--- START ---

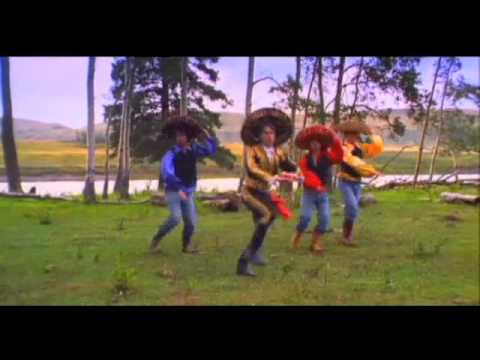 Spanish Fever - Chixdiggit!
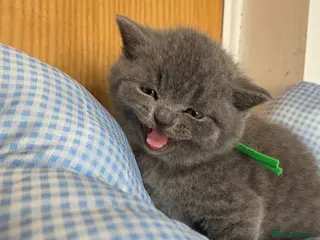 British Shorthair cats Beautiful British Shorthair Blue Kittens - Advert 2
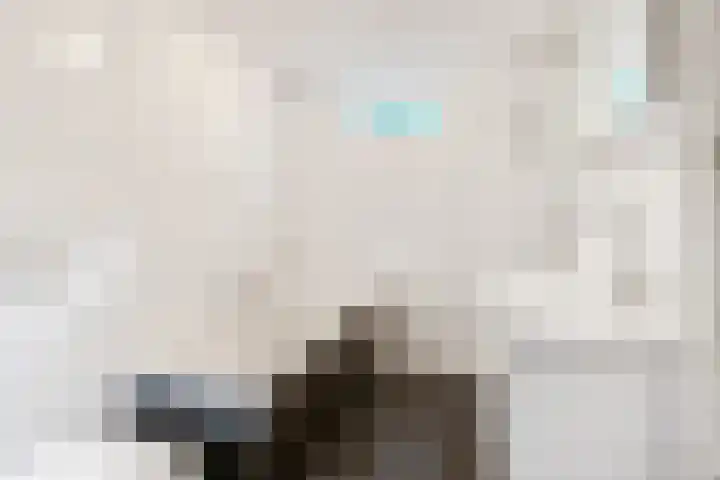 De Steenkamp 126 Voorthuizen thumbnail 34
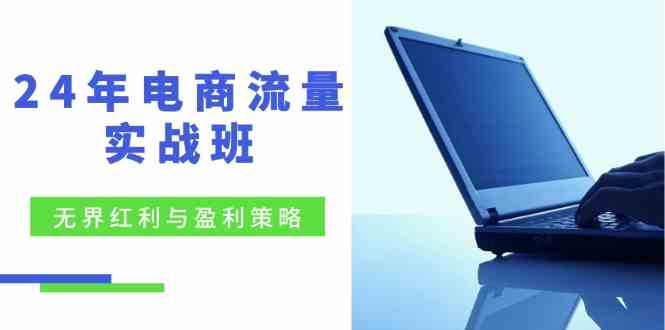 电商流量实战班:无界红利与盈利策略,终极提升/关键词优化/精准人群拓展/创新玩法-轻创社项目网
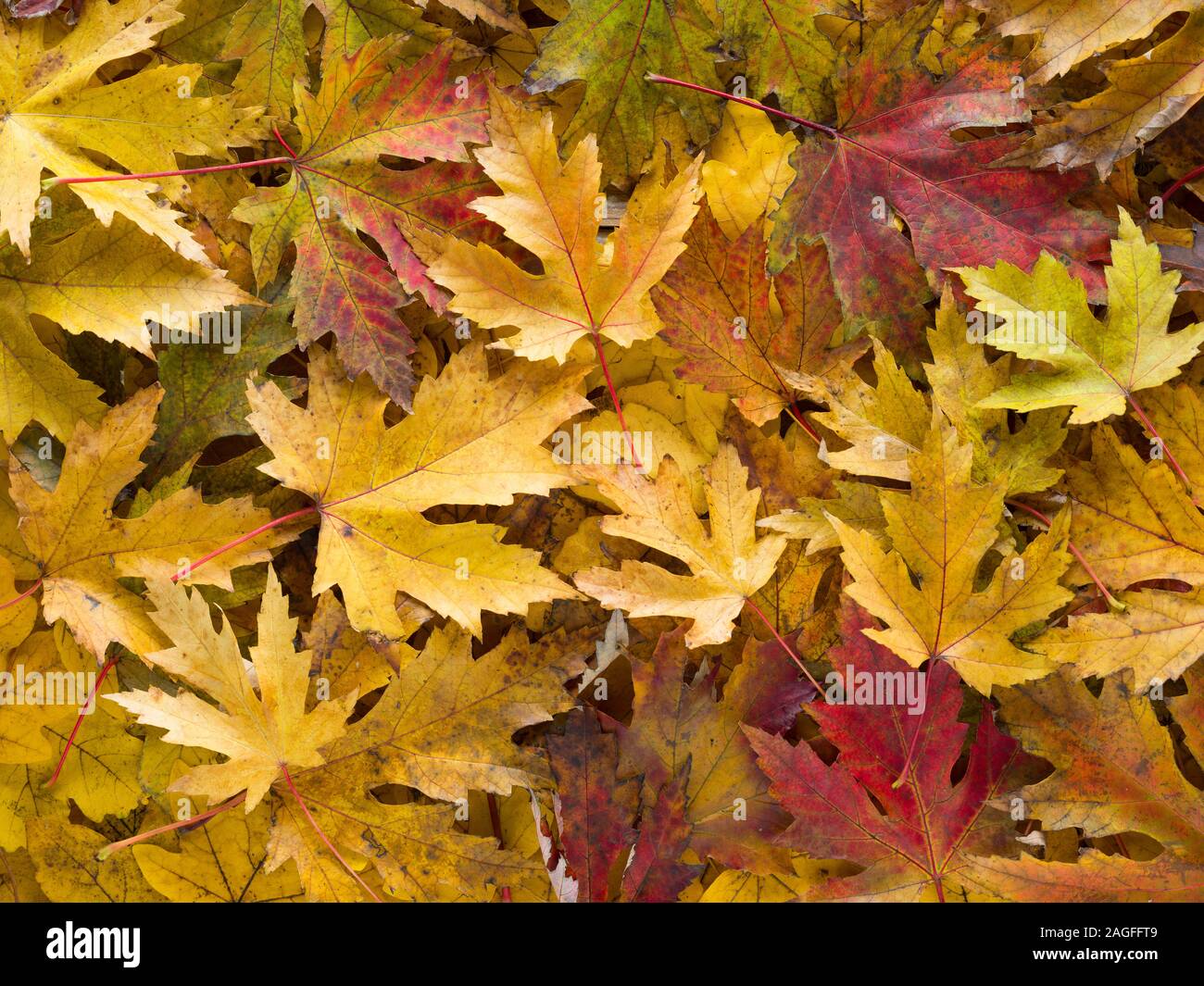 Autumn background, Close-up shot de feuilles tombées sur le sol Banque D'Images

--- END ---

■ WORK INSTRUCTION ■
Without any pictures, repeat the listing exactly.

■ ANSWER BOX ■
 Spanish Fever - Chixdiggit!
 British Shorthair cats Beautiful British Shorthair Blue Kittens - Advert 2
 De Steenkamp 126 Voorthuizen thumbnail 34
 电商流量实战班:无界红利与盈利策略,终极提升/关键词优化/精准人群拓展/创新玩法-轻创社项目网
 Autumn background, Close-up shot de feuilles tombées sur le sol Banque D'Images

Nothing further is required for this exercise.